Like I said, this was just a list, so I have no idea what character concepts they may have submitted. I’m guessing Didio’s was “Annoying-Online-Fandom Man.”

10 Responses to “I don’t get how that first guy’s digestive tract would work.”

  • Happenstance says:

    Gobbler’s got one up on Matter-Eater Lad in my book; at least he looks like he could eat rocks.

    It always sat poorly with me that the Legion had all these astounding abilities, yet (like Superman) were almost exclusively Earthing-identical humans. (And white to boot, but that’s just the ’50s and ’60s talking. Meanwhile, the Green Lantern Corps gave us a sexy purple woman and a quite likable fella who looked like a koi and a parrot had a teleporter accident.)
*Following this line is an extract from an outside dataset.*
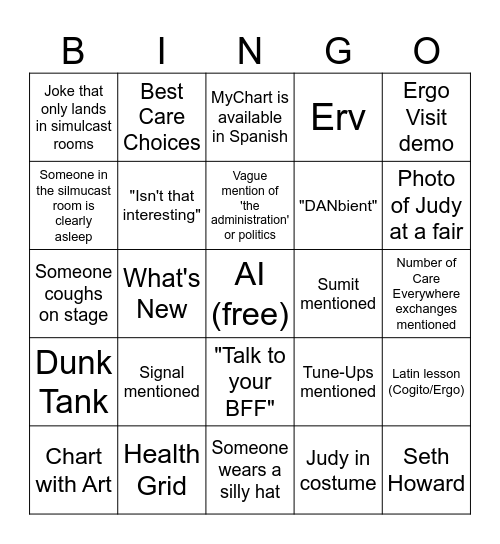 Exec Session Bingo Card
    Matter-Eater Lad once tunneled his way through stone by rapidly eating it. Those teeth couldn’t have been enamel-coated. He didn’t stop to crap his spandex every five seconds, so all that matter must’ve been converted to…well, I shudder to imagine. There was someone else in that tunnel with him.

  • MrJM says:

    I presume that the Gobbler has highly-corrosive saliva and that most of his digestion takes place as he chews.
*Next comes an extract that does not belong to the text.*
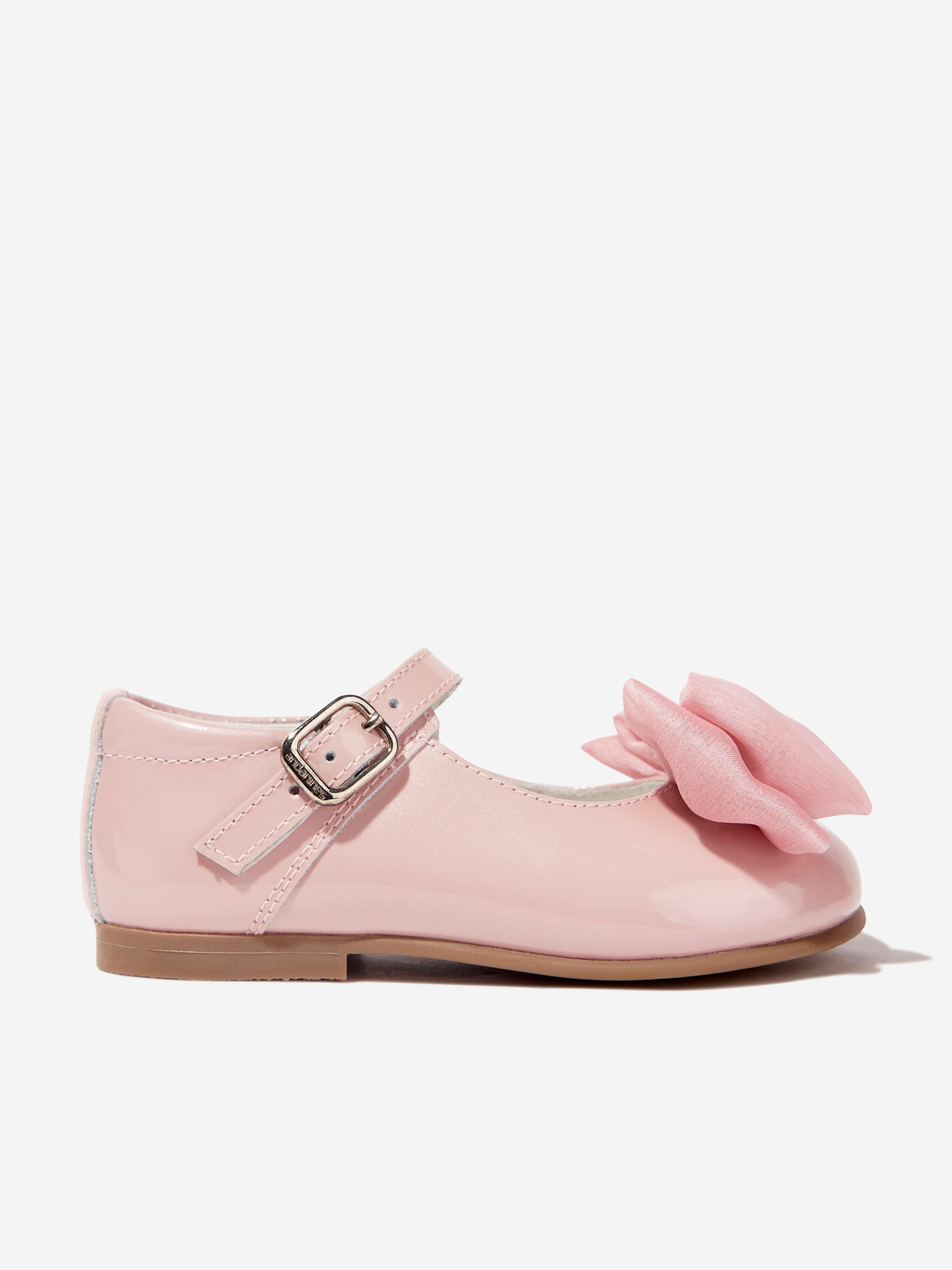 Andanines Girls Leather Bow Shoes in Pink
    Nothing else makes sense.

    “There was someone else in that tunnel with him.”

    Blockade Boy — the boy with the power of a wall?

    — MrJM

  • Joe Williams says:

    Gobbler used clotheslines as dental floss.
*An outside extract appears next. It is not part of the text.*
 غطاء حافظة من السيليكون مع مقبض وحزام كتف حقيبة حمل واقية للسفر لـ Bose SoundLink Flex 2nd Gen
    Absorba-Man was Orion’s lesser known older brother that nobody remembers like Richie Cunningham’s older brother.

  • ExistentialMan says:

    Once again Mr. Sterling, you shed new light on the minutiae of this wonderful hobby of ours.

    I’ll definitely bite on the “highly-corrosive saliva” theory for the Gobbler but I also propose an esophagus that connects directly to his anus.

  • CW says:

    The Gobbler looks like a mutated Jimmy Carter.

  • ostrakos says:

    I think Marvel ended up using the Gobbler…check out Sugar Man from the X-Men Age of Apocalypse storyline.

  • philfromgermany says:

    I just saw Bill Morrison 3 weeks ago, when he was at the Munich Comic Festival. If you had posted this earlier, I would have asked him. He was in the same panel as Howard Chaykin who did about 90% of the talking, so I kinda felt bad for Morrison (even though Chaykin was quite interesting).

    Gobbler reminds me of Slimer from Ghostbusters.

  • Tom Mason says:

    “Danny Didio” sounds like the title of an old Harvey comic from the 1960s.

  • Happenstance says:

    I suddenly realize who Gobbler reminds me of–M.O.D.O.K., sans his supportive hoverchair. Like he lost it, and was forced to work out just so he could get around.

    As for his digestive system…like many cop-out explanations in the Marvel Universe Handbook and Who’s Who In The DCU, I’ma go with portals (known back then as “miniature black holes” or “pocket dimensions”). Everything he eats goes to the Bellyverse, from which he derives his energy.

    Is Midnight Stranger the prototype for Night Thrasher, hero with the silliest name in comics?

  • buzz says:

    What are those things in the back of his throat? Tonsils?